The first summer, the trees were hit with cedar-apple rust; the first winter, we lost one that was girdled by a rabbit or squirrel, despite my efforts to protect its bark. The remaining three fought through a three-punch combo of bark damage, cedar-apple rust and a bout of fire blight to produce a few perfect fruits, which were promptly eaten, while still green, by squirrels.
This past winter, determined to protect my three remaining trees, I wrapped the bark thoroughly in special fabric designed for bark-wrapping and put sturdy plastic guards around each trunk.
But as the first hints of spring began to show in my yard, something was eating the tree bark above the guards. Stripping whole lower branches, in fact. I was perplexed. Rabbits can stretch themselves pretty high, but a rabbit standing on its hind legs would not have much leverage to rip off whole strips of bark.

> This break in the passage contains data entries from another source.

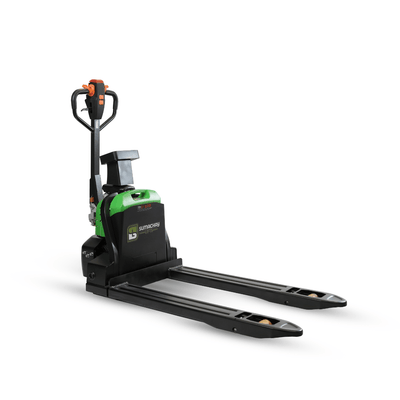 Transpalette électrique SELR20-S avec balance – Capacité de 4 400 lb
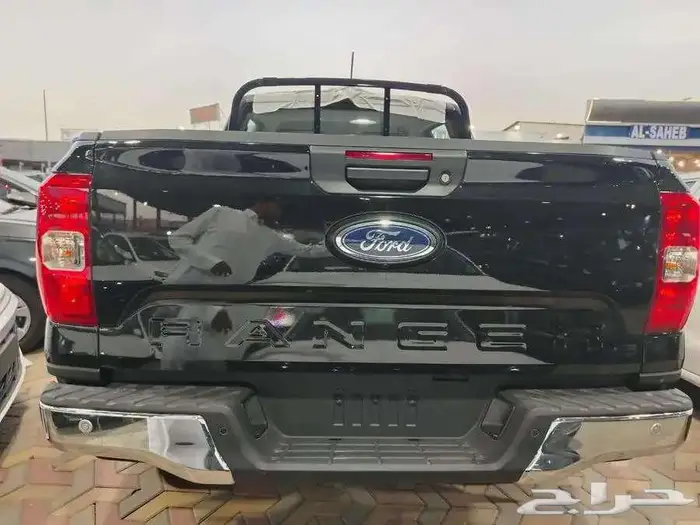 فورد رانجر XLT غمارتين ديزل دبل اتومتيك موديل 2024 13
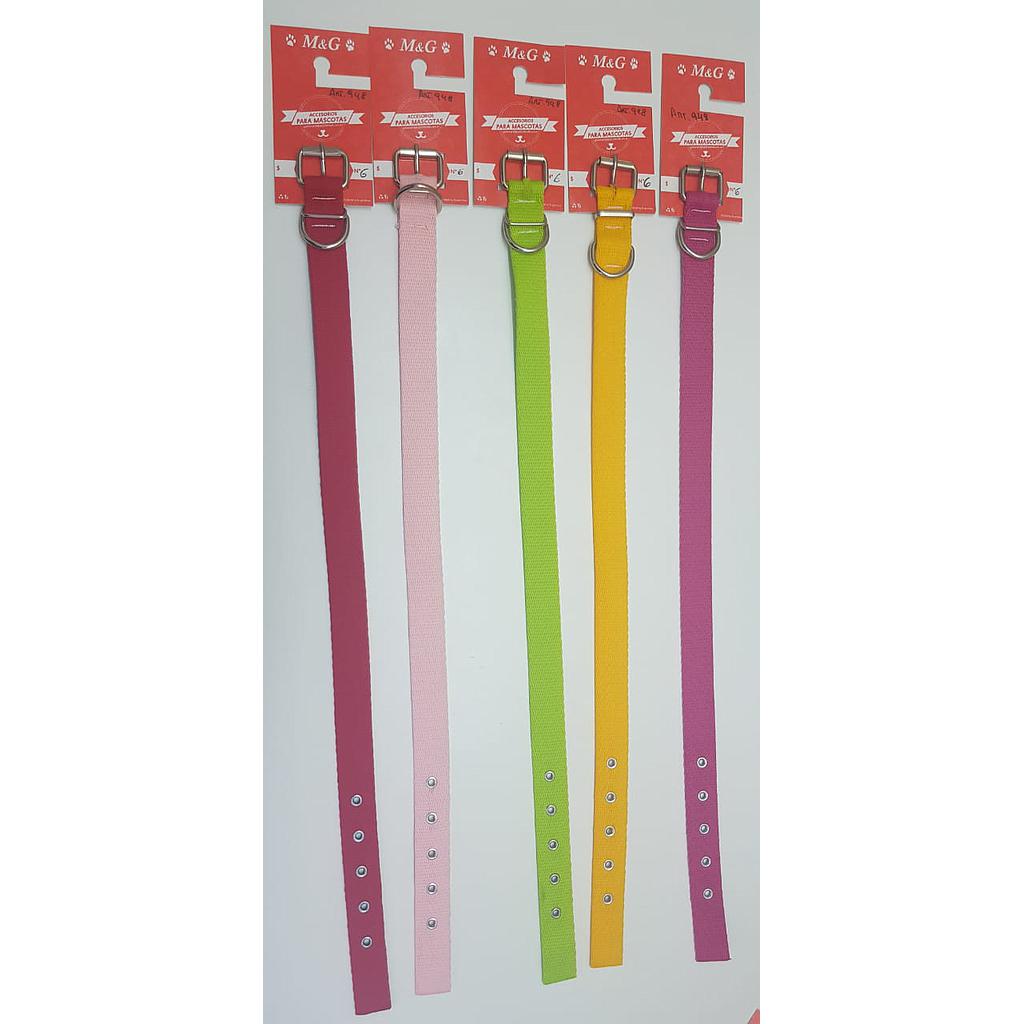 Collar Liso - A y M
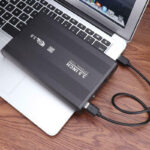 Hdd Case 3.5 Inch Sata Hard Disk Metal Body 3.0 - Image 2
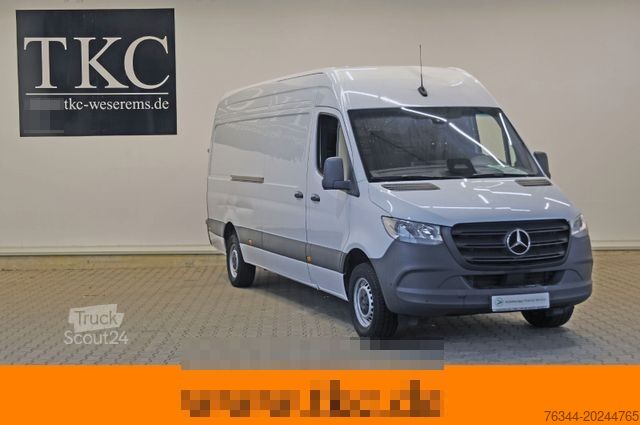Kassevogn MERCEDES-BENZ Sprinter 317 CDI Maxi PRO Automatik Klima #369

A squirrel could have done it, but in order to get the undersides of the branches, it would have had to be hanging upside-down as it chewed.
Then, one day, I came out to the yard to discover that one of my trees' trunks had been bitten (snapped? cut? sawed?) cleanly in half. No gnaw marks. Just a clean, almost surgically precise separation. The inverted crown still lay in the yard, many of its branches stripped clean.
What could have done this?
My husband was convinced it was the rabbits.
"It couldn't be rabbits," I insisted. "Rabbits don't bite trees with three-inch trunks in half."
"Maybe we have big rabbits," he said ominously.
For weeks, the mystery persisted. Had a raccoon or a stray cat climbed into the tree and snapped it with too much weight? Had a neighbor child broken our tree in the middle of a the night for a prank? That didn't seem likely. I know most of the kids in our neighborhood, and they're nice kids. Besides, as far as they're concerned, I'm the Cool Mom Who Lets Us Play Soccer in Her Front Yard and Always Has Lemonade. And you don't go snapping trees in the yard of the cool mom who gives out free lemonade.
Could it really have been the rabbits?
Might we have acquired . . . some Rabbits of Unusual Size?
Just the mental image of gigantic, sap-thirty rabbits devouring my trees had me eyeing even the most adorable lagomorphs bouncing through my yard with suspicion. Then, one day, as I was out adding mulch to my new raised vegetable garden bed, a neighbor I rarely see much of, one whose backyard just touches mine at the corner waved me over to talk. She said:
"You know there's a beaver living in your storm sewer, right? About this big?" She spread her arms to indicate a beaver roughly the size of a small human child. "Looooong tail on him."
"No," I said. "I didn't know that." No, in fact, I had not known that there was a beaver living miles and miles away from the nearest river, lake, creek or even crick in my suburban storm sewer. I had not known, and had I known, perhaps I might have taken appropriate action to contain said creature before it ate my apple tree.
I'm actually glad, though, that it turned out to be a Mutant Ninja Beaver eating my apple trees. Because before I knew the tree-killer was a beaver, I was really starting to develop a pretty strong streak of paranoid anti-rabbitism.
And I just wasn't comfortable with hating baby rabbits. Baby rabbits are ridiculously cute.
As for the beaver, well, you can't really hate a beaver that lives in a sewer. I mean, it's a beaver. In the sewer. That there is some pretty hardcore urban habitat reclamation action.
I did put a sturdy grate in front of the storm sewer drain in my yard, though. Sorry, Mr. Ninja Beaver — you'll have to use another exit from your secret underground lair from now on. I'm sure there's one that opens onto a park with lots of non-native invasive Japanese honeysuckle, just waiting for you to rip apart with your sharp, sharp teeth.